Preparation of pear compote
For the compote, the pears are quartered and cooked with spices until they are soft.
Variations and alternative ingredients
- Raisins
Traditionally, raisins are added in Baked Semolina. You can also experiment with other dried fruits. - Alternatives to the pear compote
Traditional Austrian side dishes instead of the pear compote are stewed elderberries, applesauce or stewed plums. - Syrup instead of sugar
You can sweeten the Baked Semolina to taste. Instead of sugar, I've also tried rice syrup and agave syrup, which tasted pretty good. I can also imagine maple syrup pretty well... - Nuts & Co.
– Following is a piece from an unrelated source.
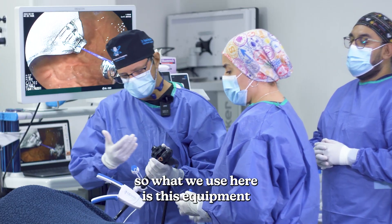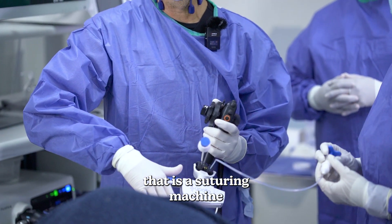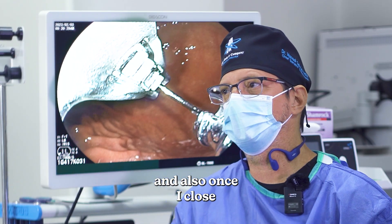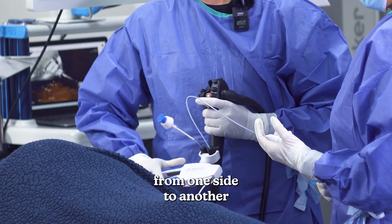What we use here is this equipment that is a suturing machine. You see here, when I can open and close, there is a needle inside. Once I close, I can exchange the tip of the needle from one side to another.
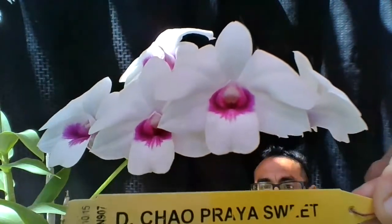Hi everyone, it's Luis again. Today I'm making a video on my Dendrobium Chao Prya Sweet. My Dendrobium looks gigantic but it's not really — it just looks that way because I put it really up close so you guys can see the beauty of this plant and flowers. This Dendrobium has seven flowers: four facing one direction and three facing the other direction.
Before baking, I sprinkled the semolina porridge with almonds, which is not traditionally Austrian. Alternatively, you can add any kind of nuts or, for example, pumpkin seeds, sunflower seeds,... - Spelt instead of wheat
Because I'm a big fan of spelt, I've also tried spelt semolina lately. - We liked it a lot!
Austrian Grießschmarrn - Baked Semolina Porridge
Zutaten
Baked Semolina Porridge
- 2 cups milk ~ 500 ml
- 1 cup semolina ~ 150 g
- 3 tablespoons Butter ~ 40 g
- pinch salt
- 1 vanilla pod or 1 teaspoon vanilla extract
- lemon peel from 1 lemon
- more Butter to grease the baking pan
- powdered sugar or syrup
- almonds to taste
Pear Compote
- 2 pears hard ones
- 7 tablespoons water ~ 100 ml
- 2 tablespoons lemon juice
- 1 pinch ground cloves
- 1 pinch ground cinnamon
- sugar eventually, to taste
Instruction
Baked Semolina Porridge
- Bring the milk to a boil in a saucepan. Stir in the semolina and pinch of salt. Add the butter and simmer on low heat, stirring constantly, until the porridge becomes firmer and harder to stir.
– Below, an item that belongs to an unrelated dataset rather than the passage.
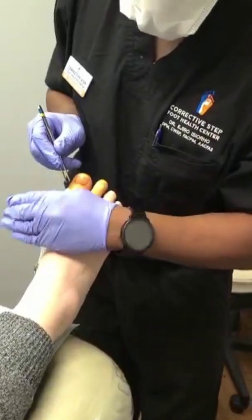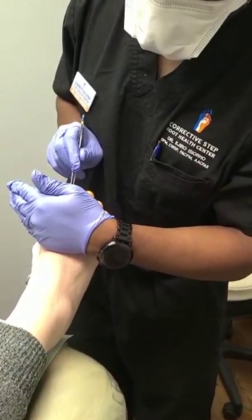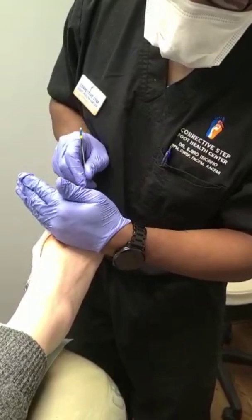Patient, can you feel anything? No. Okay, what about now? No. All right, what about now?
- Preheat oven to 180 ° C.
- Pour semolina into a buttered ovenproof pan. Cut the vanilla pod lenghtwise and scrape out the pulp. Stir in lemon peel and vanilla. Sprinkle with almonds and bake for about 30 minutes until the surface is brownish and crispy. Then stir with a fork and bake again for about 10 more minutes.
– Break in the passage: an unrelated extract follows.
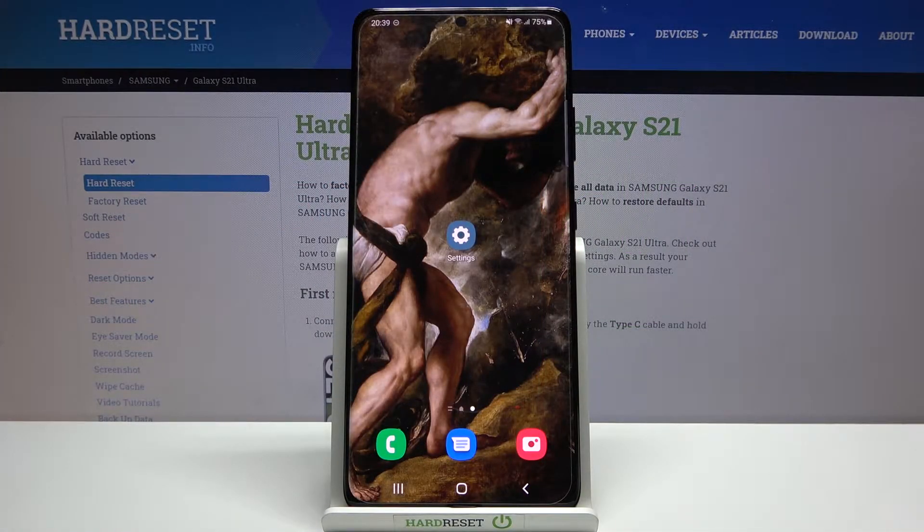Here I have Samsung Galaxy S21 Ultra and today I'm going to show you how to enable Google backup feature on this device.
- Sprinkle with icing sugar before serving.
Pear Compote
- Cut pears into quarters (with or without peels) and separate from the core. Simmer with water and the remaining ingredients for about 5-10 minutes, until the pears are soft but do not "fall apart".
Denise meint
Great recipe! I changed it a tiny bit, as I cooked the Semolina in a non-stick pot. After it was done cooking, I added 2 Tbsp of Butter and fried it in the same pot and broke it into pieces. The result was great and I didn't have to wash two pots. It was "One-Pot-Grießschmareen" 😉
wordpressadmin meint
happy you liked it and thanks for the tip!